[ODE] visibility detemination?

skjold@cistron.nl skjold at cistron.nl
Mon Feb 17 11:27:01 2003


Hi Clint,


> Mark: "make an effort not to get physics code tangled up too much with 
> the rendering code"
> 
> I understand what you are saying, but I think all the 
> collision/intersection detection code would be nice to be able to share, 
> and since any collision engine will have those types of things 
> efficiently done the visibility system could just reuse those,  mainly 
> Axis Aligned Bounding Boxes, and a frustum class.

Of course, reuse is generally good, from the design/maintainability perspective. In fact, decent code reuse shows that different functionality is separated properly in your code, and is generic enough to serve various purposes.

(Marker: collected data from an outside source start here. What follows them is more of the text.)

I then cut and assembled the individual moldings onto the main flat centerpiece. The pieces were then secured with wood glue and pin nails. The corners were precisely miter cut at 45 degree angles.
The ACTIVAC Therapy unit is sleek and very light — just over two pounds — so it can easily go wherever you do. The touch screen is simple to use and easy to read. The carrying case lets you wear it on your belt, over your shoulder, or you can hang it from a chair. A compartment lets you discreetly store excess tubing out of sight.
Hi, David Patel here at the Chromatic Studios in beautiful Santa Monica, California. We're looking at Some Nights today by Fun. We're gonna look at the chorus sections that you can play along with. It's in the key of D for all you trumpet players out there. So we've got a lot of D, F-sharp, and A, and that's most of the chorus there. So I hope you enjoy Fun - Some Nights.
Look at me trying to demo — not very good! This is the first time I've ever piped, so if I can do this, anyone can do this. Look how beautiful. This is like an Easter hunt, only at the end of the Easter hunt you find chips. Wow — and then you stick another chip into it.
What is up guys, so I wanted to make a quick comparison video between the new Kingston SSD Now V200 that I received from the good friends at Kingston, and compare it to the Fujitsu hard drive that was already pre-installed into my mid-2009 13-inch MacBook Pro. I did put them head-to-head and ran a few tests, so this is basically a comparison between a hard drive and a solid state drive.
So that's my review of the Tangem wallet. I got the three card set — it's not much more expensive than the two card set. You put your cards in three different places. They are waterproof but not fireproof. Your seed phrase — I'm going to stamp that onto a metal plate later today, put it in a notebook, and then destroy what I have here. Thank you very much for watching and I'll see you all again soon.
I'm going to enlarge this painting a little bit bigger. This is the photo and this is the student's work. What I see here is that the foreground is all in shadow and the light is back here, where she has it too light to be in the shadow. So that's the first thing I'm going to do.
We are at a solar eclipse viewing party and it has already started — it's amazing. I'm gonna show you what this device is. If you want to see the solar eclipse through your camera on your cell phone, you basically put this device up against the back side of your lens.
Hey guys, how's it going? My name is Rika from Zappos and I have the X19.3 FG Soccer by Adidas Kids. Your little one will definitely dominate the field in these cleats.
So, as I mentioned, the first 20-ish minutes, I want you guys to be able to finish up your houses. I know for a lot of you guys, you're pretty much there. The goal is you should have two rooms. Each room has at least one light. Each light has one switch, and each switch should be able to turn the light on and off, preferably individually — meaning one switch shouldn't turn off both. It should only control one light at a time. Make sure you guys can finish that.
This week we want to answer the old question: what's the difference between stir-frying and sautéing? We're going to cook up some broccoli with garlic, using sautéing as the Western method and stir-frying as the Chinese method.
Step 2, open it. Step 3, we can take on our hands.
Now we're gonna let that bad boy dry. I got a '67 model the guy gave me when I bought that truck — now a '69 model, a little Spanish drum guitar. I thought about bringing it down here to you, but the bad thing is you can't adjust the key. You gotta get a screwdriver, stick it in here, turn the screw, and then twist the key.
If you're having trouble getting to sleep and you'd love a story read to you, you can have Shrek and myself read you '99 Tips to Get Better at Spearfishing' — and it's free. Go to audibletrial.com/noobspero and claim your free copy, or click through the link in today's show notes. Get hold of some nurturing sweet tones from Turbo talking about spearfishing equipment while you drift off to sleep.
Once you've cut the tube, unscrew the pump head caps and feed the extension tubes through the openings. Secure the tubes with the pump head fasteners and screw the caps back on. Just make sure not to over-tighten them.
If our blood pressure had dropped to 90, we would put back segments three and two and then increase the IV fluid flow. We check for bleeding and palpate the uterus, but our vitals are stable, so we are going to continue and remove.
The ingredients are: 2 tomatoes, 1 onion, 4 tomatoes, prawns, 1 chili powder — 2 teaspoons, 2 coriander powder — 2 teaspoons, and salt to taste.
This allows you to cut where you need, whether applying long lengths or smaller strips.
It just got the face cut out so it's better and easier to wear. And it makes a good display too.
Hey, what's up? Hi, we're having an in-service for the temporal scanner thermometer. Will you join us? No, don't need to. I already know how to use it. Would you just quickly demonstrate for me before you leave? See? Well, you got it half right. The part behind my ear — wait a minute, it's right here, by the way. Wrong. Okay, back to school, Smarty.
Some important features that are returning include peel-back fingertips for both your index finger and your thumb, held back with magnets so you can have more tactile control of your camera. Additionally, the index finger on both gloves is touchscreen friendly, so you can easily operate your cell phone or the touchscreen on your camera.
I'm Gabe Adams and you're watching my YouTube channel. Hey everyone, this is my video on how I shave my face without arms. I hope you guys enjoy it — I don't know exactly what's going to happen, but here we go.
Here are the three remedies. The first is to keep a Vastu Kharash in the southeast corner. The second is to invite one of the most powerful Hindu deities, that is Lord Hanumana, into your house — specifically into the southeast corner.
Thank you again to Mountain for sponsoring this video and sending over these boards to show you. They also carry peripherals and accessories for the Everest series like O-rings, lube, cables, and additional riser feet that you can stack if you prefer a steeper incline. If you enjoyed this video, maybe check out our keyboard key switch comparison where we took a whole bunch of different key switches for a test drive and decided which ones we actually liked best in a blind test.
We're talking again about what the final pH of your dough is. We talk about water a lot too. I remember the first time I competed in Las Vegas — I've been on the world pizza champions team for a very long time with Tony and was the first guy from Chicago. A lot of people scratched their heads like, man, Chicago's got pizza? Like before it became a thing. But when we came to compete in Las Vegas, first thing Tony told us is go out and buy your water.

ODE is itself a good example IMHO, you could use either the rigid bodies and joints or the geoms and collision detection completely separately, but they can work in perfect harmony as well.

The same thing should be possible with rendering code that works closely with the collision detection - or with the physics for that matter (imagine for example something like adding motion blur, or adapting LOD, in response to an object's velocity). And that's not even talking about sound effects yet...

... So that's the long version of my point, and I think it's totally compatible with your point. :)


> "Again, I'm just thinking out loud. Please feel free to stop me if it 
> gets annoying"
> not at all, thanks for the thoughts!

Happy to be able to help :)


> 
> "Maybe I'm missing something, but why would drawing primitives ever lay 
> outside collision primitives?"
> 
> Say I have a big creature, and that creature has a bunch of hair on it 
> that's just there to make it look good, but not to be collided with 
> because the hair squishes down.  The hair might not be inside the 
> collision geometry, but would still need to be rendered if it were 
> visible.  So the visibility bounding geometry would need to possibly be 
> different than the physics geometry.

Right, I hadn't thought of that. Thanks.